::: Data in this exercise :::

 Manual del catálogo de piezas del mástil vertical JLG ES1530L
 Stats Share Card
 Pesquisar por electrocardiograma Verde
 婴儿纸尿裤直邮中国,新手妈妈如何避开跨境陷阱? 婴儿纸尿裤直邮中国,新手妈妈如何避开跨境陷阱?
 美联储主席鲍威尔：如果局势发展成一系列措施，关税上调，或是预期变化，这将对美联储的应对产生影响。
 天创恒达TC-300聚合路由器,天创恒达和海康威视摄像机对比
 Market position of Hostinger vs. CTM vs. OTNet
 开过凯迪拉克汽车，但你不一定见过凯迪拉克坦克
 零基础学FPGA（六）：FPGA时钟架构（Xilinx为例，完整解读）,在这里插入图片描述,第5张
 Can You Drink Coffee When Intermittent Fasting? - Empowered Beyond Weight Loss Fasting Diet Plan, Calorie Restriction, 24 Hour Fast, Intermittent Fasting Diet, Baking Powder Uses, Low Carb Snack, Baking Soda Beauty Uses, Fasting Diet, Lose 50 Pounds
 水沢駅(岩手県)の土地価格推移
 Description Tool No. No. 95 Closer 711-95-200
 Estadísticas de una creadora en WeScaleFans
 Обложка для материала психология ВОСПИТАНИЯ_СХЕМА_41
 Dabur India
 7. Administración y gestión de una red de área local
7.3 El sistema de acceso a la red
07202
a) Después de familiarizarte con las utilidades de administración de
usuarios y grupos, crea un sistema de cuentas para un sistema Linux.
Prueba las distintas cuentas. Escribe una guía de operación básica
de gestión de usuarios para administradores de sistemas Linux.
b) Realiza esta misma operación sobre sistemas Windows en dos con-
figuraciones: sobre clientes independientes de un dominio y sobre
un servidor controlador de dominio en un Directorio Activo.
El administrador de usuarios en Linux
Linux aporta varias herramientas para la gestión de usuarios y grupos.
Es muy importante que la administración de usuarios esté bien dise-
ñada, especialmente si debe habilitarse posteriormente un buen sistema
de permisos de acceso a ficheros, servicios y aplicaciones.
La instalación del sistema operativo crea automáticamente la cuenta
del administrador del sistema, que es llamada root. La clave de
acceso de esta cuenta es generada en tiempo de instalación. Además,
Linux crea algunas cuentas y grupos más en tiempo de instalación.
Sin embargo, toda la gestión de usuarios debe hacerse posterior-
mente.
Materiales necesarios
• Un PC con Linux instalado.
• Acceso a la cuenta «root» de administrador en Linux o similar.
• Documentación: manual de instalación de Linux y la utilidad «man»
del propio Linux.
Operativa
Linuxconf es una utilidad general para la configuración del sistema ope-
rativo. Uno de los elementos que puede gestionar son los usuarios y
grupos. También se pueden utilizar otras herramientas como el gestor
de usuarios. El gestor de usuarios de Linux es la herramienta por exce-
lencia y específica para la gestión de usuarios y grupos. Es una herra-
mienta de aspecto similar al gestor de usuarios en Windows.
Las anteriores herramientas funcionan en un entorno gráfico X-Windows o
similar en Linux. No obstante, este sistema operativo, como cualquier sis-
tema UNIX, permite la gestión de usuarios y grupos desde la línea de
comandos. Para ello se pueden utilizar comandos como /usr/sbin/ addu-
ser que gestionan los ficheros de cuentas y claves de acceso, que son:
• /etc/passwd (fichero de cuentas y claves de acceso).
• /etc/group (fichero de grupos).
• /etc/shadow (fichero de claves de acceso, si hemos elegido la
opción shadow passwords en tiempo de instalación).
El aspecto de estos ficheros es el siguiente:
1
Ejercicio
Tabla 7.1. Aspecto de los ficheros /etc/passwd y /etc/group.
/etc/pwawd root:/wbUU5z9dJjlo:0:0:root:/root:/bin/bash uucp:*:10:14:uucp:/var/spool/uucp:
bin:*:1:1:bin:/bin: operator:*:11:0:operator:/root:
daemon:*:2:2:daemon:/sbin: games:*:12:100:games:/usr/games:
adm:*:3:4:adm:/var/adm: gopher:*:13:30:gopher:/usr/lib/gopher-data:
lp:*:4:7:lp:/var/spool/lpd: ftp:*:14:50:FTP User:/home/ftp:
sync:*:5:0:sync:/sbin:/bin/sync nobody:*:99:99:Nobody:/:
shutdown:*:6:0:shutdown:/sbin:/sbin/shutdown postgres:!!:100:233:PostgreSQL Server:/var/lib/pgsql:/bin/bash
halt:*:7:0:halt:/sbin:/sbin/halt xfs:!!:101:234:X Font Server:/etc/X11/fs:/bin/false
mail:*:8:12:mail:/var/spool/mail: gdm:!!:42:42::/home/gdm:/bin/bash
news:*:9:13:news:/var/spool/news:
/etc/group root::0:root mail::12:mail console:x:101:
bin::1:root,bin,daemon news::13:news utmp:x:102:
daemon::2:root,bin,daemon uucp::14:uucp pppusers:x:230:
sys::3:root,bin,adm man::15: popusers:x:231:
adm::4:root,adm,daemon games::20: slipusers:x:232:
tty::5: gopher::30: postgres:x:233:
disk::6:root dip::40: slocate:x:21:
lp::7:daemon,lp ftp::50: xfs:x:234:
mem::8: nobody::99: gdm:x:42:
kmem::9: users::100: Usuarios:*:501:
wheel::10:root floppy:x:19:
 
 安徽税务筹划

:::

**Problem to solve:**
Your job is to give the data above again exactly, in full.

**Task response:**
 Manual del catálogo de piezas del mástil vertical JLG ES1530L
 Stats Share Card
 Pesquisar por electrocardiograma Verde
 婴儿纸尿裤直邮中国,新手妈妈如何避开跨境陷阱? 婴儿纸尿裤直邮中国,新手妈妈如何避开跨境陷阱?
 美联储主席鲍威尔：如果局势发展成一系列措施，关税上调，或是预期变化，这将对美联储的应对产生影响。
 天创恒达TC-300聚合路由器,天创恒达和海康威视摄像机对比
 Market position of Hostinger vs. CTM vs. OTNet
 开过凯迪拉克汽车，但你不一定见过凯迪拉克坦克
 零基础学FPGA（六）：FPGA时钟架构（Xilinx为例，完整解读）,在这里插入图片描述,第5张
 Can You Drink Coffee When Intermittent Fasting? - Empowered Beyond Weight Loss Fasting Diet Plan, Calorie Restriction, 24 Hour Fast, Intermittent Fasting Diet, Baking Powder Uses, Low Carb Snack, Baking Soda Beauty Uses, Fasting Diet, Lose 50 Pounds
 水沢駅(岩手県)の土地価格推移
 Description Tool No. No. 95 Closer 711-95-200
 Estadísticas de una creadora en WeScaleFans
 Обложка для материала психология ВОСПИТАНИЯ_СХЕМА_41
 Dabur India
 7. Administración y gestión de una red de área local
7.3 El sistema de acceso a la red
07202
a) Después de familiarizarte con las utilidades de administración de
usuarios y grupos, crea un sistema de cuentas para un sistema Linux.
Prueba las distintas cuentas. Escribe una guía de operación básica
de gestión de usuarios para administradores de sistemas Linux.
b) Realiza esta misma operación sobre sistemas Windows en dos con-
figuraciones: sobre clientes independientes de un dominio y sobre
un servidor controlador de dominio en un Directorio Activo.
El administrador de usuarios en Linux
Linux aporta varias herramientas para la gestión de usuarios y grupos.
Es muy importante que la administración de usuarios esté bien dise-
ñada, especialmente si debe habilitarse posteriormente un buen sistema
de permisos de acceso a ficheros, servicios y aplicaciones.
La instalación del sistema operativo crea automáticamente la cuenta
del administrador del sistema, que es llamada root. La clave de
acceso de esta cuenta es generada en tiempo de instalación. Además,
Linux crea algunas cuentas y grupos más en tiempo de instalación.
Sin embargo, toda la gestión de usuarios debe hacerse posterior-
mente.
Materiales necesarios
• Un PC con Linux instalado.
• Acceso a la cuenta «root» de administrador en Linux o similar.
• Documentación: manual de instalación de Linux y la utilidad «man»
del propio Linux.
Operativa
Linuxconf es una utilidad general para la configuración del sistema ope-
rativo. Uno de los elementos que puede gestionar son los usuarios y
grupos. También se pueden utilizar otras herramientas como el gestor
de usuarios. El gestor de usuarios de Linux es la herramienta por exce-
lencia y específica para la gestión de usuarios y grupos. Es una herra-
mienta de aspecto similar al gestor de usuarios en Windows.
Las anteriores herramientas funcionan en un entorno gráfico X-Windows o
similar en Linux. No obstante, este sistema operativo, como cualquier sis-
tema UNIX, permite la gestión de usuarios y grupos desde la línea de
comandos. Para ello se pueden utilizar comandos como /usr/sbin/ addu-
ser que gestionan los ficheros de cuentas y claves de acceso, que son:
• /etc/passwd (fichero de cuentas y claves de acceso).
• /etc/group (fichero de grupos).
• /etc/shadow (fichero de claves de acceso, si hemos elegido la
opción shadow passwords en tiempo de instalación).
El aspecto de estos ficheros es el siguiente:
1
Ejercicio
Tabla 7.1. Aspecto de los ficheros /etc/passwd y /etc/group.
/etc/pwawd root:/wbUU5z9dJjlo:0:0:root:/root:/bin/bash uucp:*:10:14:uucp:/var/spool/uucp:
bin:*:1:1:bin:/bin: operator:*:11:0:operator:/root:
daemon:*:2:2:daemon:/sbin: games:*:12:100:games:/usr/games:
adm:*:3:4:adm:/var/adm: gopher:*:13:30:gopher:/usr/lib/gopher-data:
lp:*:4:7:lp:/var/spool/lpd: ftp:*:14:50:FTP User:/home/ftp:
sync:*:5:0:sync:/sbin:/bin/sync nobody:*:99:99:Nobody:/:
shutdown:*:6:0:shutdown:/sbin:/sbin/shutdown postgres:!!:100:233:PostgreSQL Server:/var/lib/pgsql:/bin/bash
halt:*:7:0:halt:/sbin:/sbin/halt xfs:!!:101:234:X Font Server:/etc/X11/fs:/bin/false
mail:*:8:12:mail:/var/spool/mail: gdm:!!:42:42::/home/gdm:/bin/bash
news:*:9:13:news:/var/spool/news:
/etc/group root::0:root mail::12:mail console:x:101:
bin::1:root,bin,daemon news::13:news utmp:x:102:
daemon::2:root,bin,daemon uucp::14:uucp pppusers:x:230:
sys::3:root,bin,adm man::15: popusers:x:231:
adm::4:root,adm,daemon games::20: slipusers:x:232:
tty::5: gopher::30: postgres:x:233:
disk::6:root dip::40: slocate:x:21:
lp::7:daemon,lp ftp::50: xfs:x:234:
mem::8: nobody::99: gdm:x:42:
kmem::9: users::100: Usuarios:*:501:
wheel::10:root floppy:x:19:
 
 安徽税务筹划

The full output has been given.